Milly Silva, executive vice president of the state’s 1199SEIU chapter, said reforms must be focused on protecting and honoring both residents and caregivers. “I wish the industry was reflective of all good actors, ones that put care before profit,” she said. “But wishing doesn’t make it so.”
Nursing homes have been hard-hit by the pandemic across the country, but federal data shows New Jersey’s long-term care facilities have had the highest positive case rate and second-highest death rate, based on resident population, nationwide. More than 37,600 COVID-19 cases have been diagnosed among residents and staff at the state’s nearly 600 long-term care facilities — 20% of New Jersey’s total case count since March — and more than 7,000 of these individuals have died, accounting for half the state’s total lab-confirmed fatalities.
Fatalities in veterans homes
New Jersey’s state-run veterans homes have also suffered significantly under COVID-19. Data from these facilities is tallied separately from other long-term care sites but shows at least 650 residents have been diagnosed with the virus, and 146 have died.

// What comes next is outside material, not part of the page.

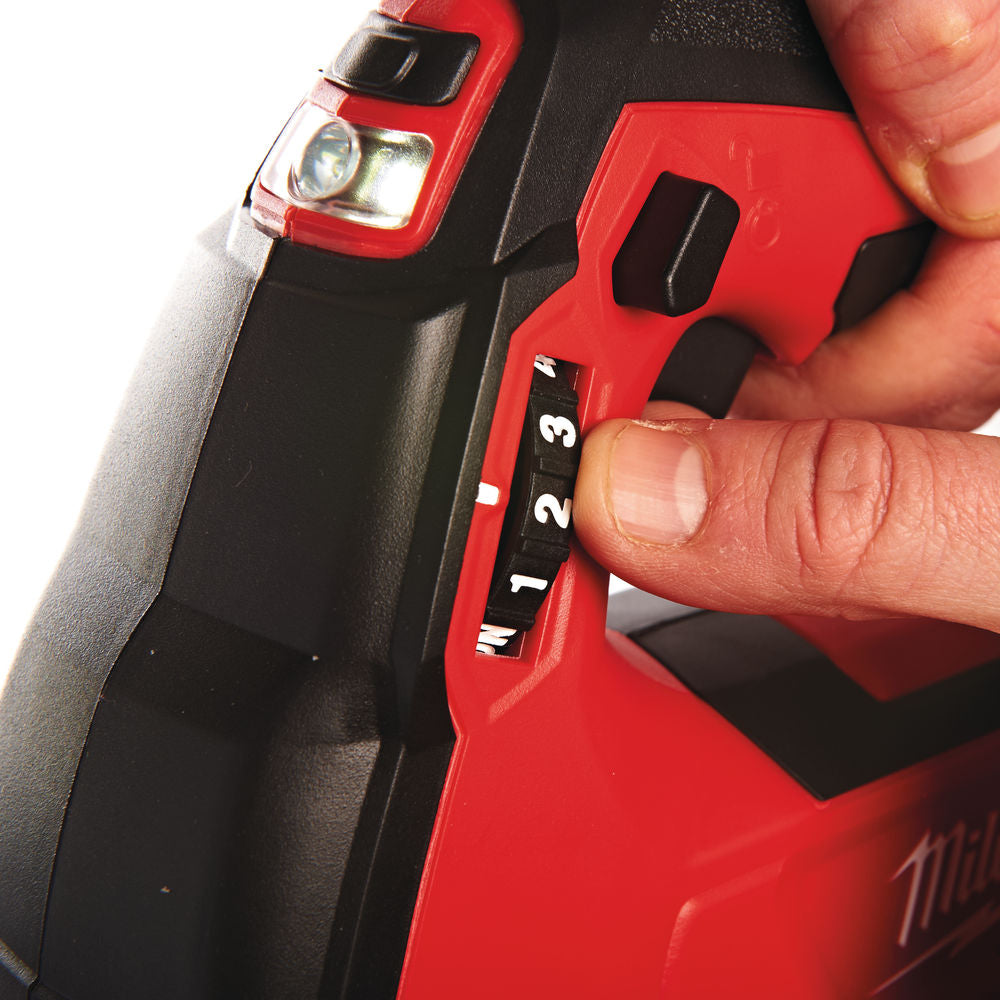 Milwaukee M18 FPP3AK-523B - Pistola per grasso M18 GG + Smerigliatrice M18 FSAG125X + Avvitatore a impulsi ONEFHIWF34 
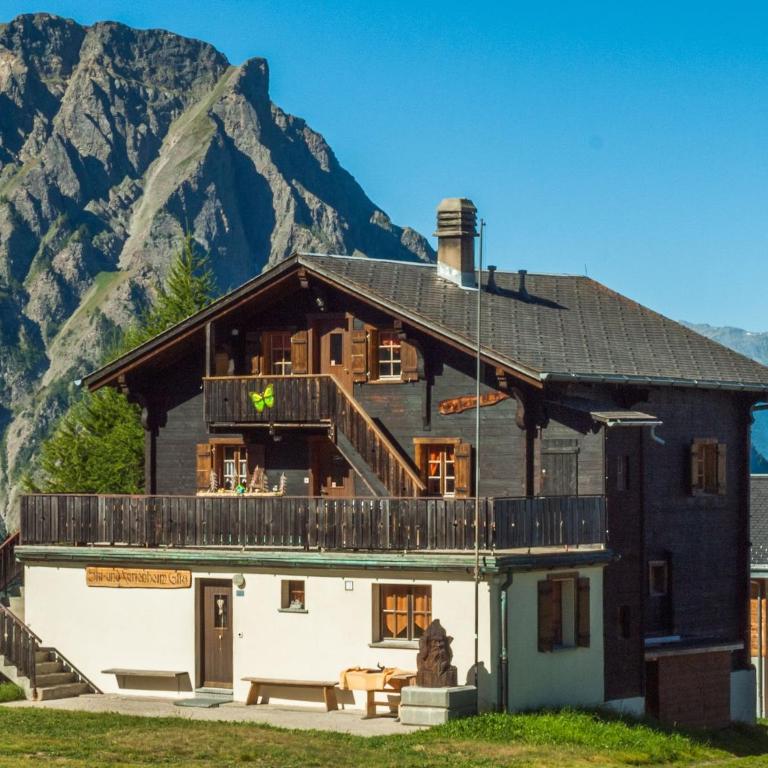 Gruppenhaus im Walliser Alpstyle - Etagenbett im gemischten Schlafsaal - 1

But veterans and resident advocates testified Thursday that they suspect the total number of fatalities at these facilities is higher. They described how the workforce dwindled as more people became sick and administrators told frontline workers not to use gloves or masks in order not to frighten residents or kept the more effective equipment for themselves.
“Even in combat you wanted to be counted where you died and when you died,” said Glenn Osborne, an Army vet who heads the resident council at the New Jersey Veterans Memorial Home in Menlo Park, where he also lives. “Their friends and their families deserve better,” he added, noting, “Sadly, today there’s only 167 residents left.”